Reporting of Serious Adverse Events is a key responsibility of the Research Award Principal Investigator

Reporting of Serious Adverse Events. Within 24 hours of first awareness of the event (immediately if the event is fatal or life-threatening), Principal Investigator will report to Pfizer by facsimile any Serious Adverse Event (“SAE,” as defined below) for which reporting is required under this provision (as described below). Such SAEs are to be reported for (1) Study subjects who are assigned or, in the case of a blinded Study, possibly assigned to receive the Pfizer Product or (2) individuals otherwise exposed to the Pfizer Product as described below. Principal Investigator should report SAEs as soon as they are determined to meet the definition, even if complete information is not yet available.


  1. Reporting Forms. Principal Investigator will report SAEs using one of the following forms: (1) a reporting form approved by the local regulatory authority, (2) a CIOMS form, (3) a Pfizer-provided Investigator-Initiated Research Serious Adverse Event Form, or (4) any other form prospectively approved by Pfizer. The Reportable Event Fax Cover Sheet provided by Pfizer must also be included with each SAE submitted.
  2. SAE Definition. An SAE is any adverse event, without regard to causality, that is life-threatening (i.e., causes an immediate risk of death) or that results in any of the following outcomes: death; in-patient hospitalization or prolongation of existing hospitalization; persistent or significant disability or incapacity (i.e., substantial disruption of the ability to conduct normal life functions); or a congenital anomaly or birth defect. Any other medical event that, in the medical judgment of the Principal Investigator, may jeopardize the subject or may require medical or surgical intervention to prevent one of the outcomes listed above is also considered an SAE. A planned medical or surgical procedure is not, in itself, an SAE
  3. Exposure During Pregnancy, Exposure During Lactation, Occupational Exposure, and Lack Of Effect. Even though there may not be an associated SAE, exposure to the Pfizer Product during pregnancy, exposure to the Pfizer Product during lactation, and occupational exposure to the Pfizer Product are reportable, and lack of effect of the Pfizer Product may also be reportable. These requirements are further explained in the training material provided by Pfizer (see Pfizer-Provided Training, below). As used in this Agreement, the term SAE will be understood to include exposure during pregnancy, exposure during lactation, occupational exposure, and reportable instances of lack of effect.
  4. Hy’s Law Cases. Cases of potential drug-induced liver injury as assessed by laboratory test values (“Hy’s Law Cases”) are also reportable to Pfizer. If a Study subject develops abnormal values in aspartate transaminase (AST) or alanine transaminase or both, concurrent with abnormal elevations in total bilirubin and no other known cause of liver injury, that event would be classified as a Hy’s Law Case. This reporting requirement is further explained in the training material provided by Pfizer (see Pfizer-Provided Training, below).
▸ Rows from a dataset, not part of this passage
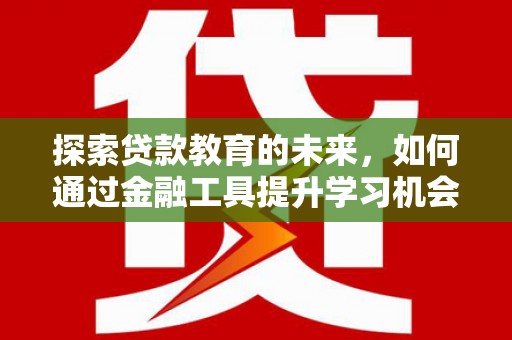 杜集探索贷款教育的未来，如何通过金融工具提升学习机会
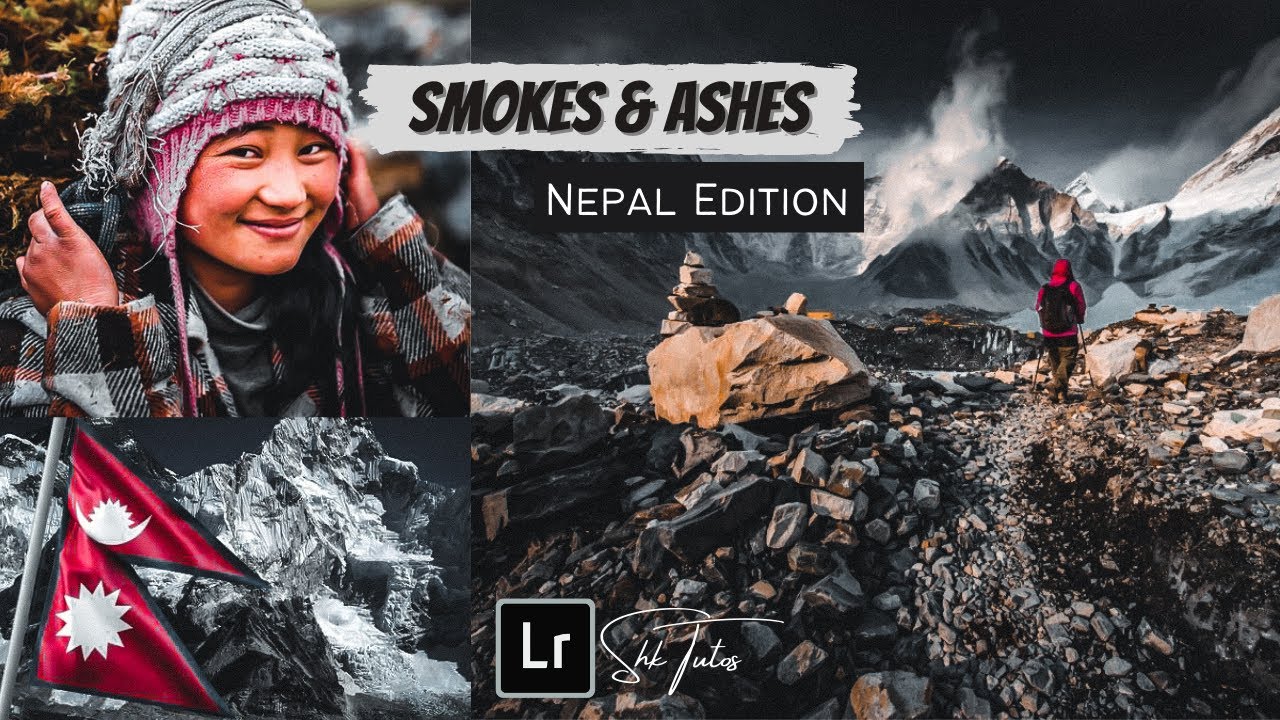 Smokes & Ashes | Nepal Edition 2020 | Adobe Lightroom Mobile Preset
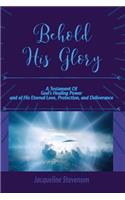 Behold His Glory!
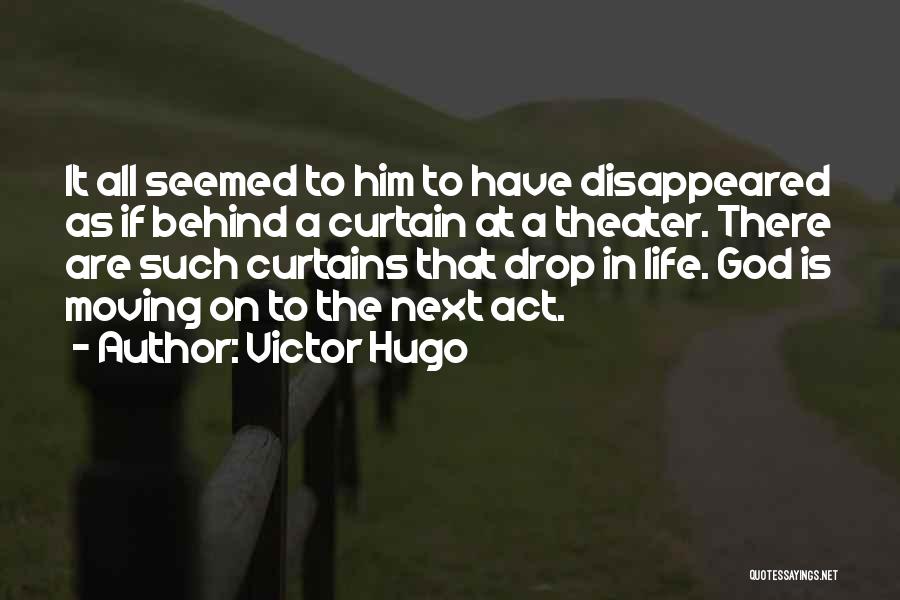 Victor Hugo Quotes: It All Seemed To Him To Have Disappeared As If Behind A Curtain At A Theater. There Are Such Curtains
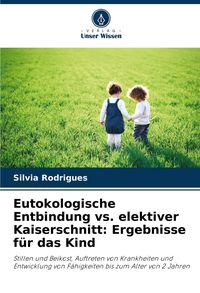 Produktbild: Eutokologische Entbindung vs. elektiver Kaiserschnitt: Ergebnisse f&uuml;r das Kind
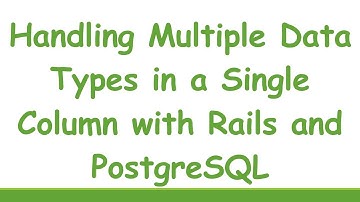 Handling Multiple Data Types in a Single Column with Rails and PostgreSQL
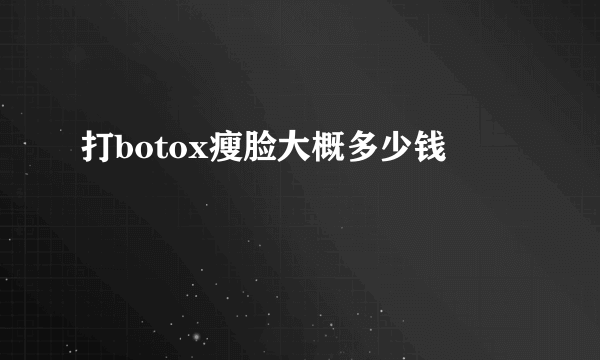 打botox瘦脸大概多少钱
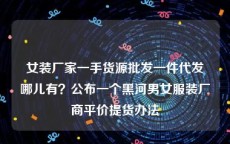 女装厂家一手货源批发一件代发哪儿有？公布一个黑河男女服装厂商平价提货办法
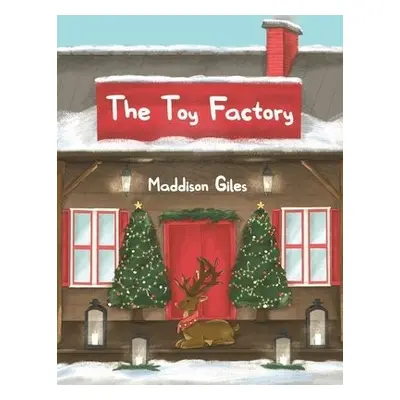 Toy Factory - Giles, Maddison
As used in this Agreement, the term SAE will be understood to also include Hy’s Law Cases.
  5. Exclusions from SAE Reporting Requirements. Specifically excluded from the reporting requirements for SAEs under this provision is any SAE identified in the Protocol as anticipated to occur in the Study population at some frequency independent of drug exposure, unless the Principal Investigator assesses such an event as related to the Pfizer Product.
  6. SAE Reporting Period. The SAEs that are subject to this reporting provision are those that occur from after the first dose of the Pfizer Product through 28 calendar days after the last administration of the Pfizer Product, or longer if so specified in the Protocol. In addition, if Principal Investigator becomes aware of an SAE occurring any time after the administration of the last dose of the Pfizer Product, Principal Investigator should report that SAE to Pfizer if the Principal Investigator suspects a causal relationship between the Pfizer Product and the SAE.
  7. Follow-Up Information. Principal Investigator will assist Pfizer in investigating any SAE and will provide any follow-up information reasonably requested by Pfizer.
  8. Regulatory Reporting. Reporting an SAE to Pfizer does not relieve Principal Investigator of responsibility for reporting it to appropriate regulatory authorities, if such reporting is required.
  1. Pfizer-Provided Training. Pfizer will make available training material that provides information about the SAE reporting requirements for IIR studies. Principal Investigator will review this material and share it with any Study staff engaged in the reporting of SAEs.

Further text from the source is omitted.